**Input records:**
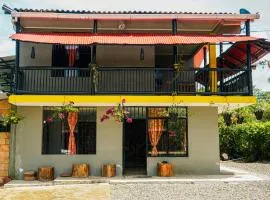 EcohoteL Casa de Astilla Habitaciones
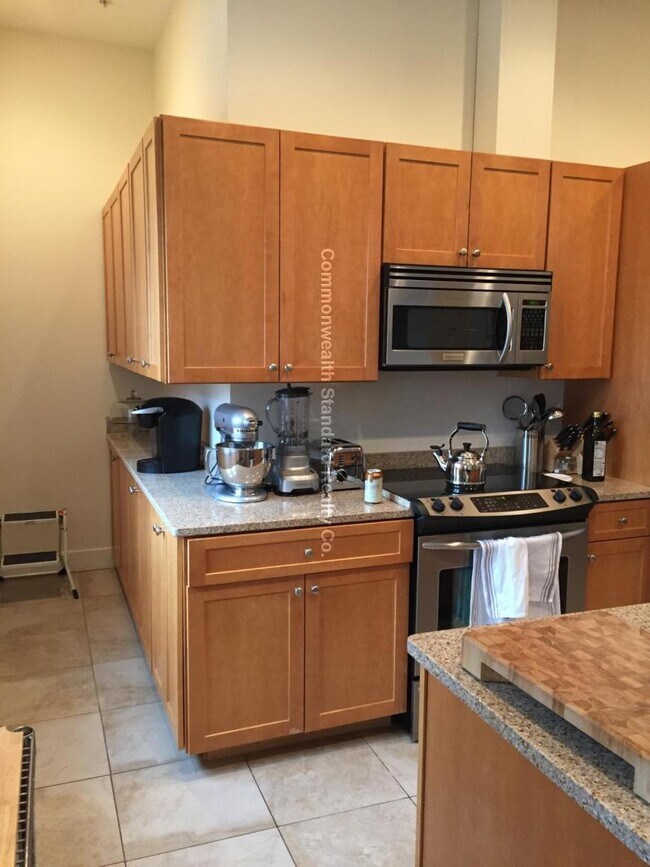 520 Harrison Ave in Boston, MA - Building Photo - Building Photo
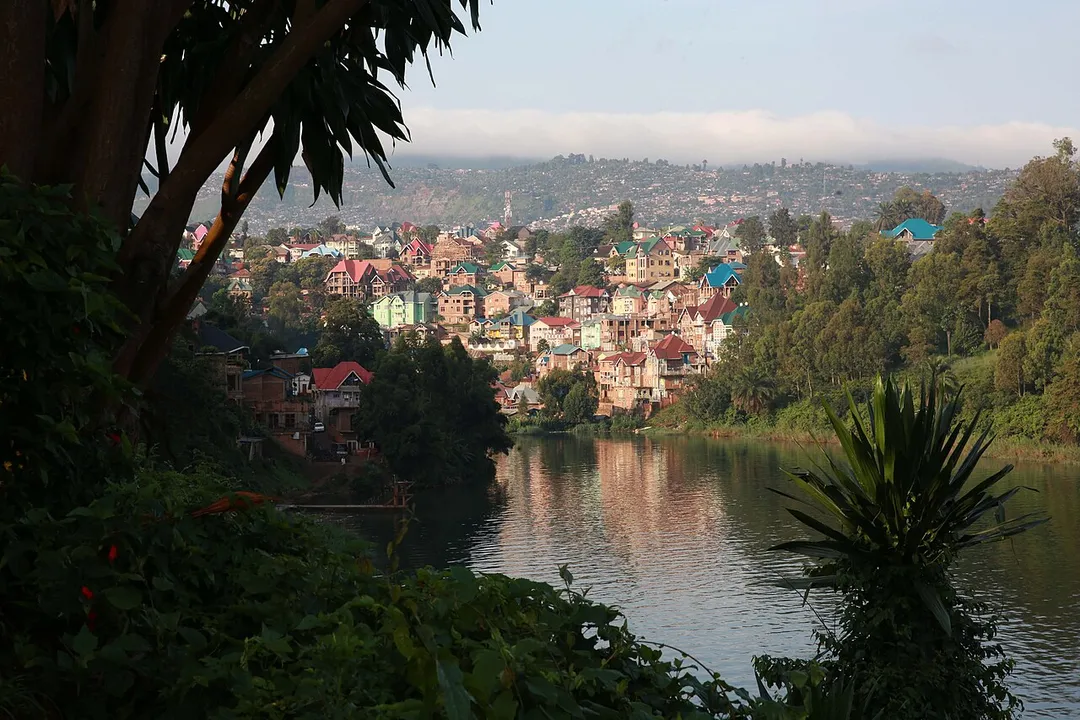 Dawn on lake Kivu, the earliest rays of sun caress the town of Bukavu (South Kivu).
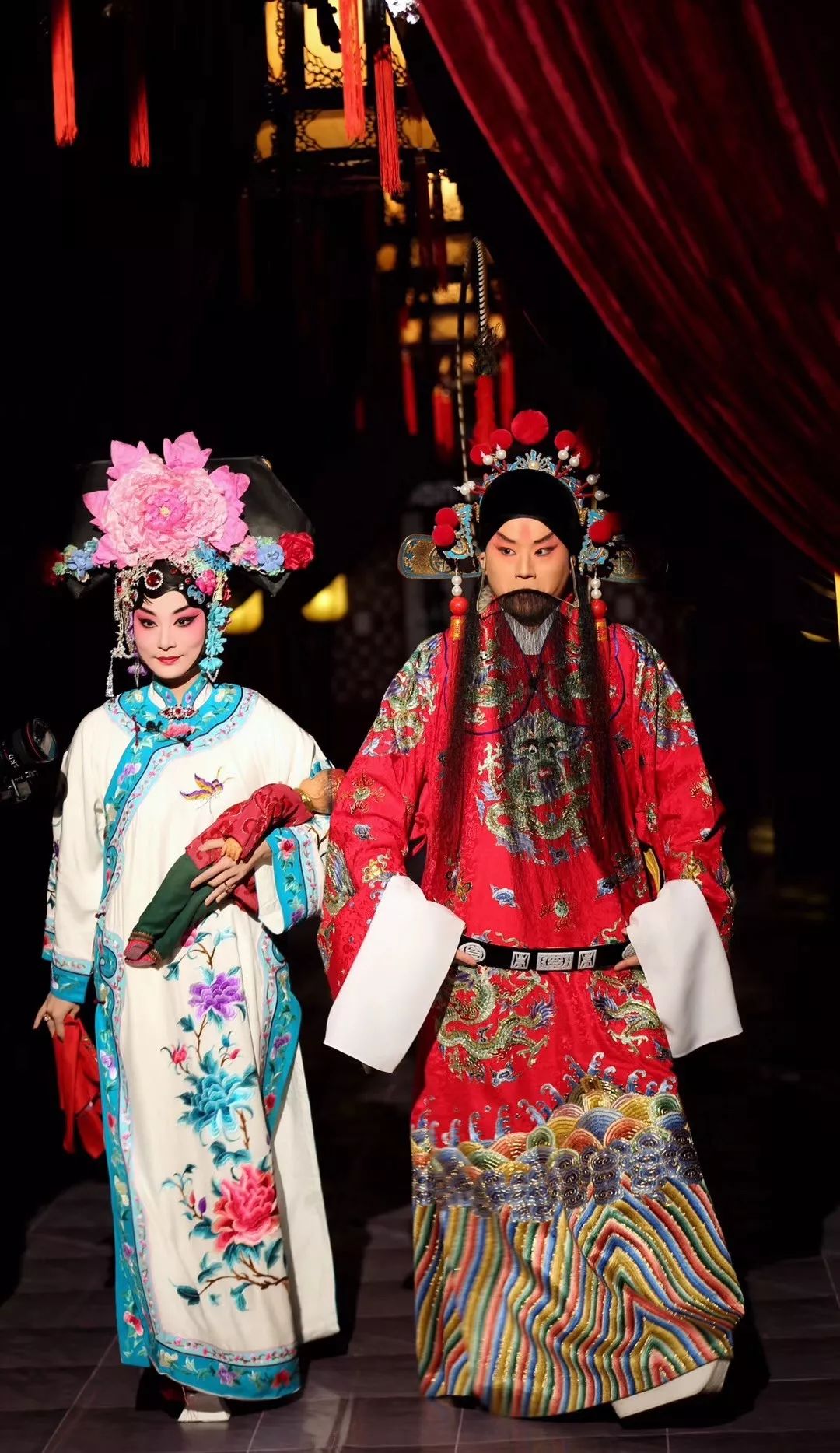 精彩回眸黑白兄弟夜斗三岔口公主驸马完美演绎坐宫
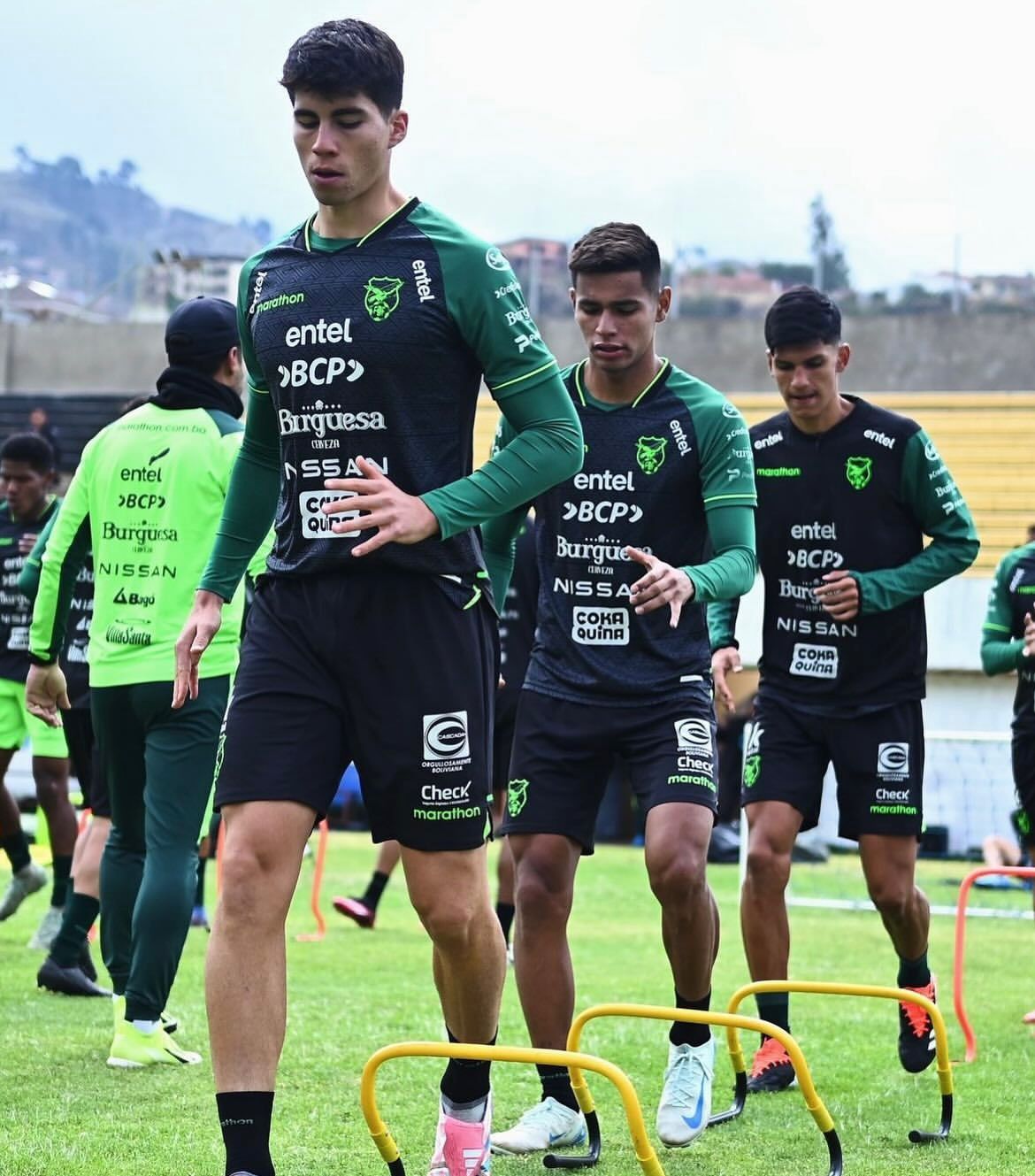 Óscar David López, in training with Bolivia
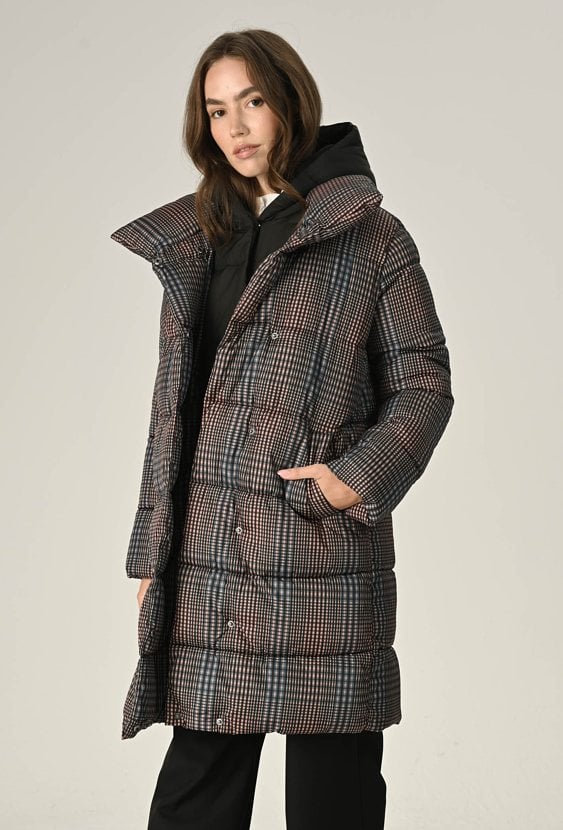 Pikowana kurtka w kratkę z kontrastowym kapturem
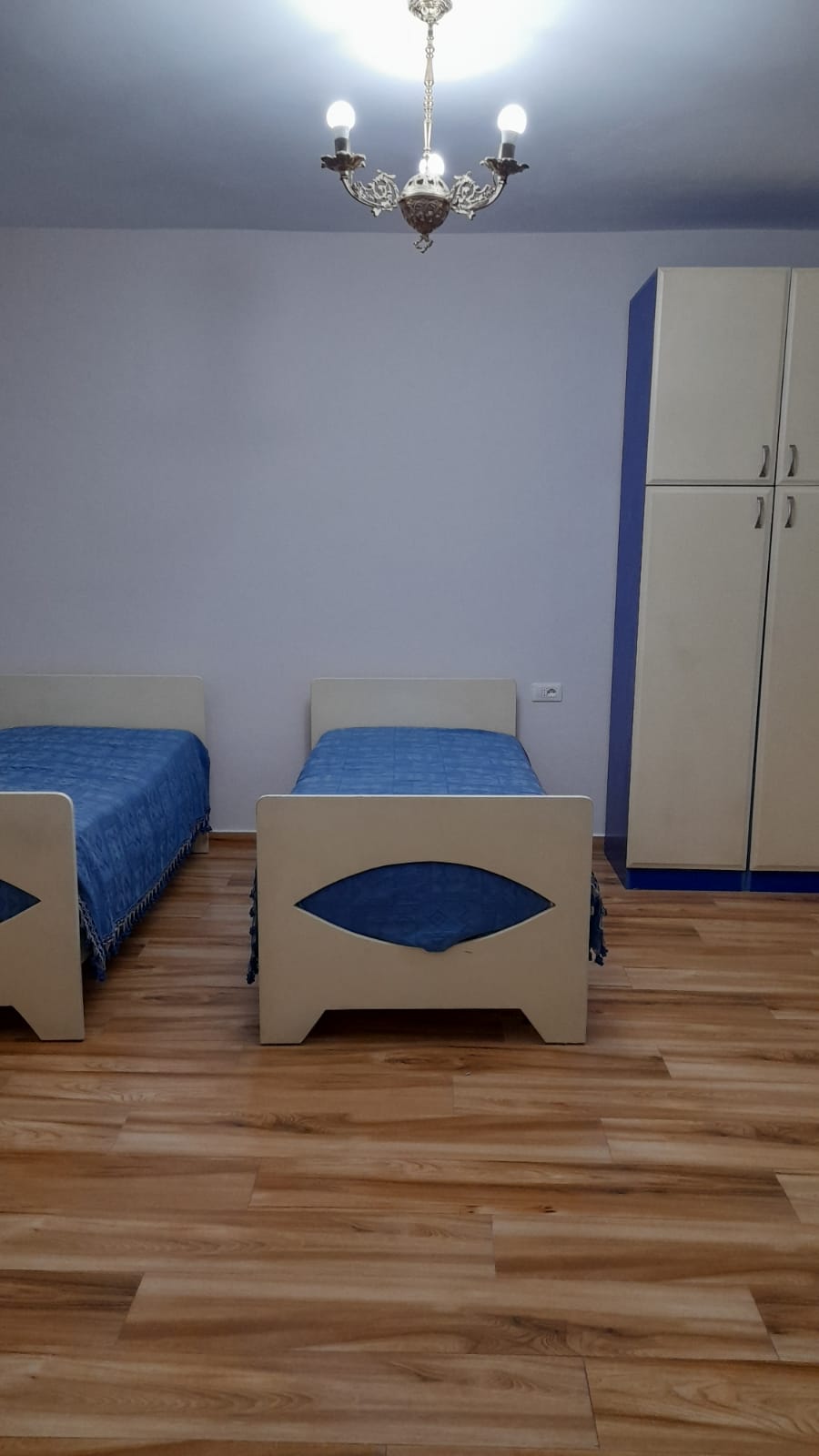 Listing 651493863256739136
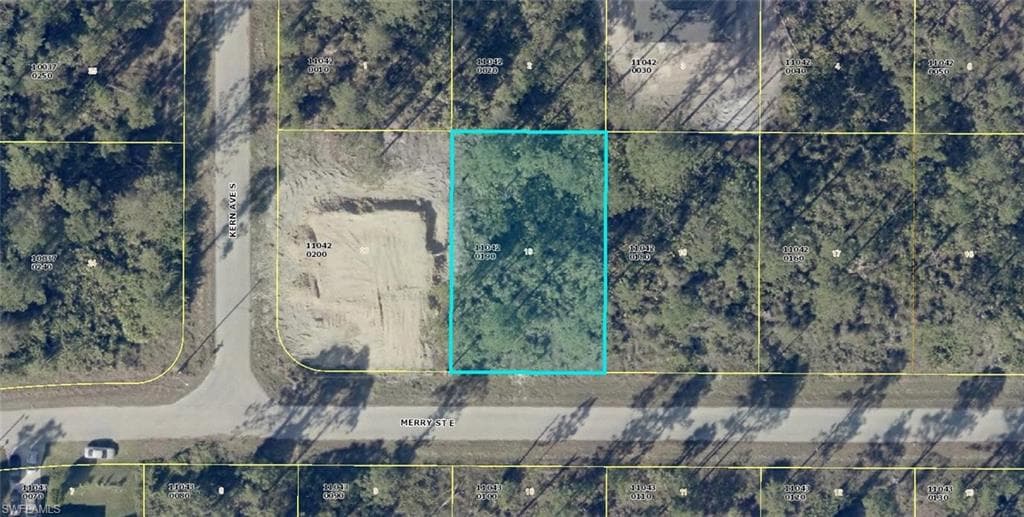 1043 Merry ST E LEHIGH ACRES, FL 33974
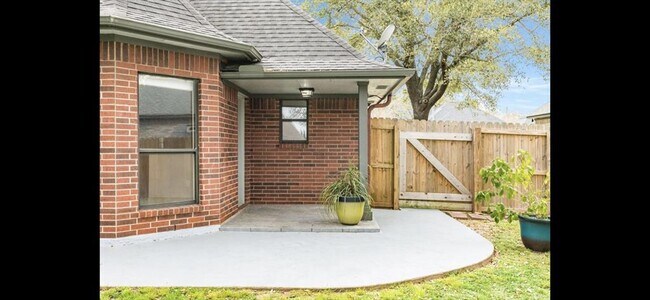 Building Photo - 112 Portulaca St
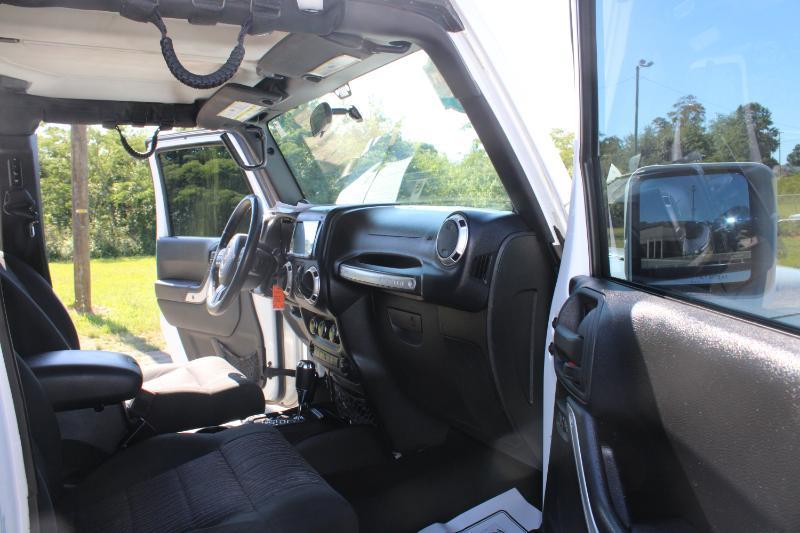 Jeep Wrangler Unlimited Sahara 4WD 2012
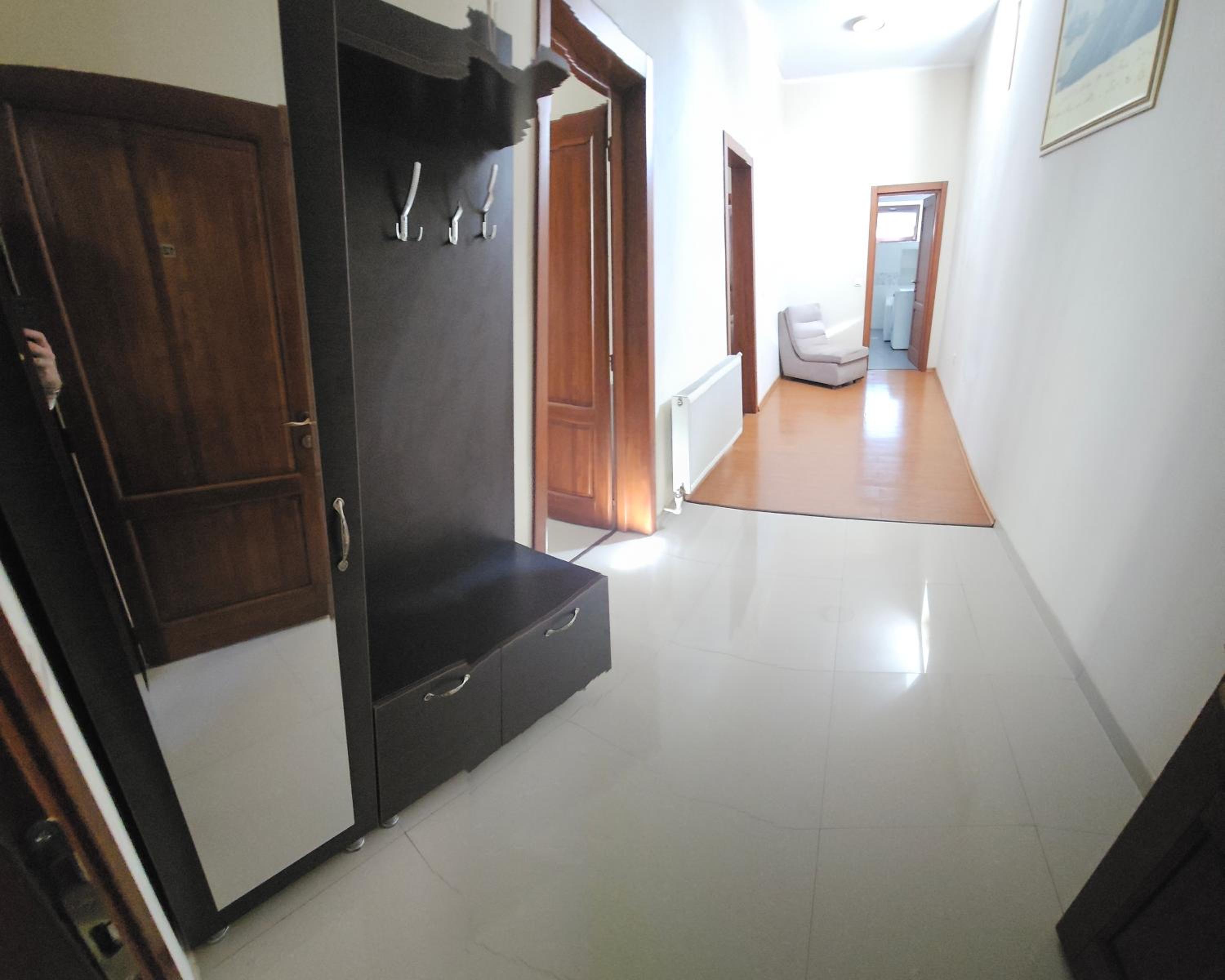 One-Bedroom Apartment - Photo 5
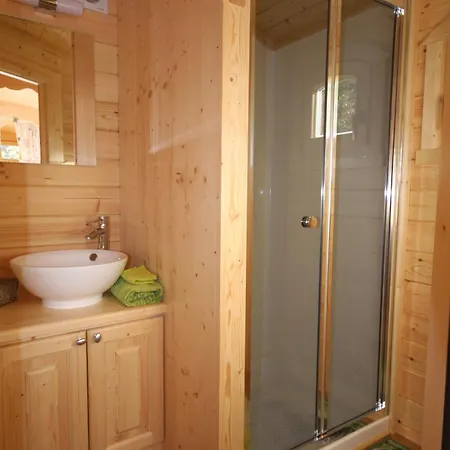 Luxury tent Les Roulottes De La Dordogne *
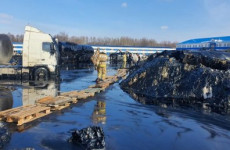 Стало известно о повреждении второго резервуара с битумом на предприятии в Пензе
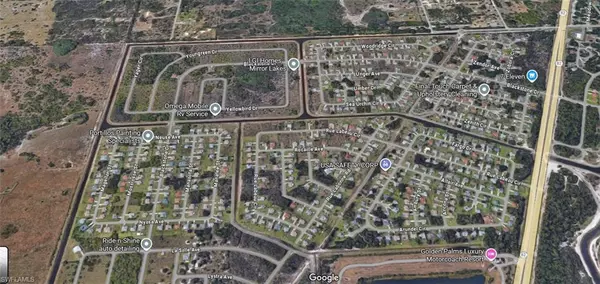 Fort Myers, FL 33913,818 Rue Labeau CIR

**What you need to do:**
Could the lines from the top of the material through the line with "Jeep Wrangler Unlimited Sahara 4WD 2012" be repeated exactly, pictures left out?

**Finished exercise:**
 EcohoteL Casa de Astilla Habitaciones
 520 Harrison Ave in Boston, MA - Building Photo - Building Photo
 Dawn on lake Kivu, the earliest rays of sun caress the town of Bukavu (South Kivu).
 精彩回眸黑白兄弟夜斗三岔口公主驸马完美演绎坐宫
 Óscar David López, in training with Bolivia
 Pikowana kurtka w kratkę z kontrastowym kapturem
 Listing 651493863256739136
 1043 Merry ST E LEHIGH ACRES, FL 33974
 Building Photo - 112 Portulaca St
 Jeep Wrangler Unlimited Sahara 4WD 2012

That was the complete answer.